No. This vulnerability can be exploited locally. The attacker should have authentication credentials and successfully authenticate on the system.

Is there known malware, which exploits this vulnerability?

Yes. This vulnerability is being exploited in the wild.

3) Permissions, Privileges, and Access Controls

EUVDB-ID: #VU21667

Risk: Low

CVSSv3.1: 6.8 [CVSS:3.1/AV:L/AC:L/PR:L/UI:N/S:U/C:H/I:H/A:H/E:U/RL:O/RC:C]

CVE-ID: CVE-2019-1339

CWE-ID: CWE-264 - Permissions, Privileges, and Access Controls

Exploit availability: No

Description

The vulnerability allows a local user to escalate privileges on the system.

The vulnerability exists due to the way Windows Error Reporting manager handles hard links. A local user can create a malicious application, launch it on the system, overwrite a targeted file leading to an elevated status and take control of an affected system.

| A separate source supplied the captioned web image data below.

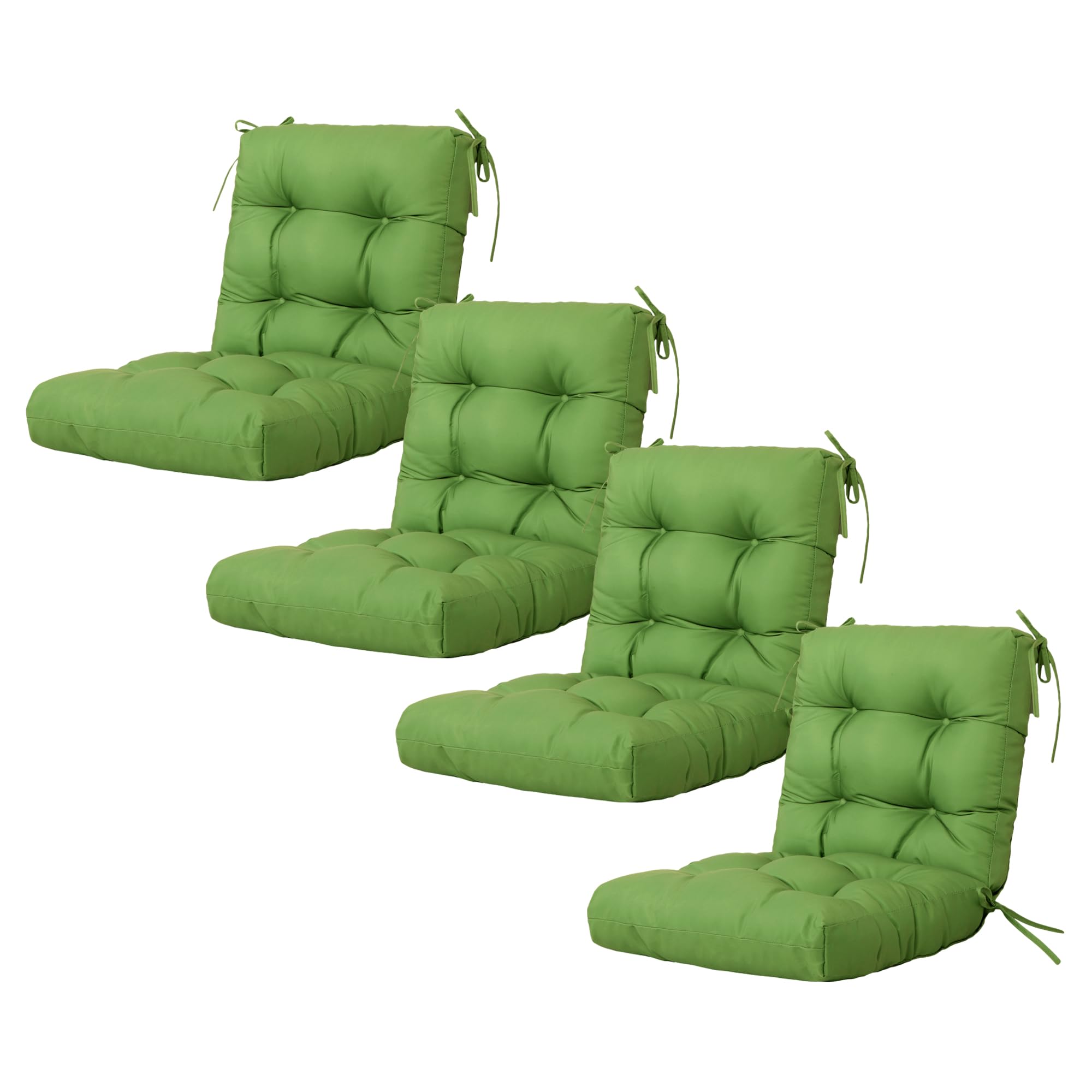 ARTPLAN Seat/Back Outdoor Chair Cushion,Set of 4 Patio Chair Cushion with Tie,Tufted Replacement for Patio Furniture,20x20x4 Inches,4 Count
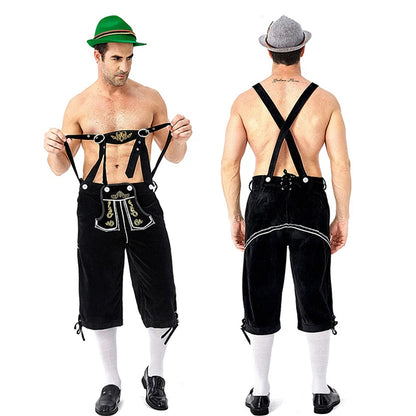 Men's Carnival Munich Oktoberfest Costume Faux Leather Pants Waiter Cosplay Fancy Party Dress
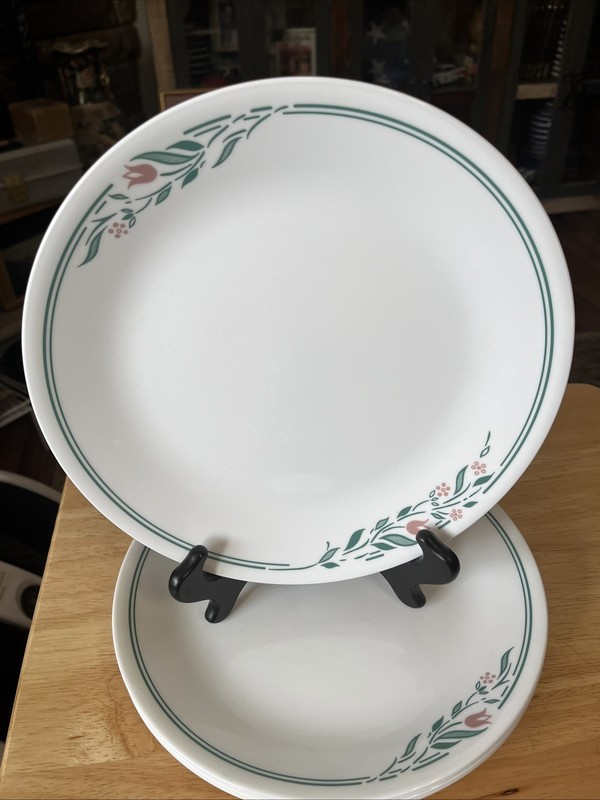 6x Corelle Rosemarie Dinner Plates 10 1/4" Pink Tulips  Teal Green Leaves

To exploit this vulnerability, an attacker would first have to log on to the system.

Mitigation

Install update from vendor's website.

Vulnerable software versions

Windows: 7 - 10 1903 10.0.18362.116

Windows Server: 2008 - 2019 1903

External links

http://portal.msrc.microsoft.com/en-US/security-guidance/advisory/CVE-2019-1339

Q & A

Can this vulnerability be exploited remotely?

No. This vulnerability can be exploited locally. The attacker should have authentication credentials and successfully authenticate on the system.

Is there known malware, which exploits this vulnerability?

No. We are not aware of malware exploiting this vulnerability.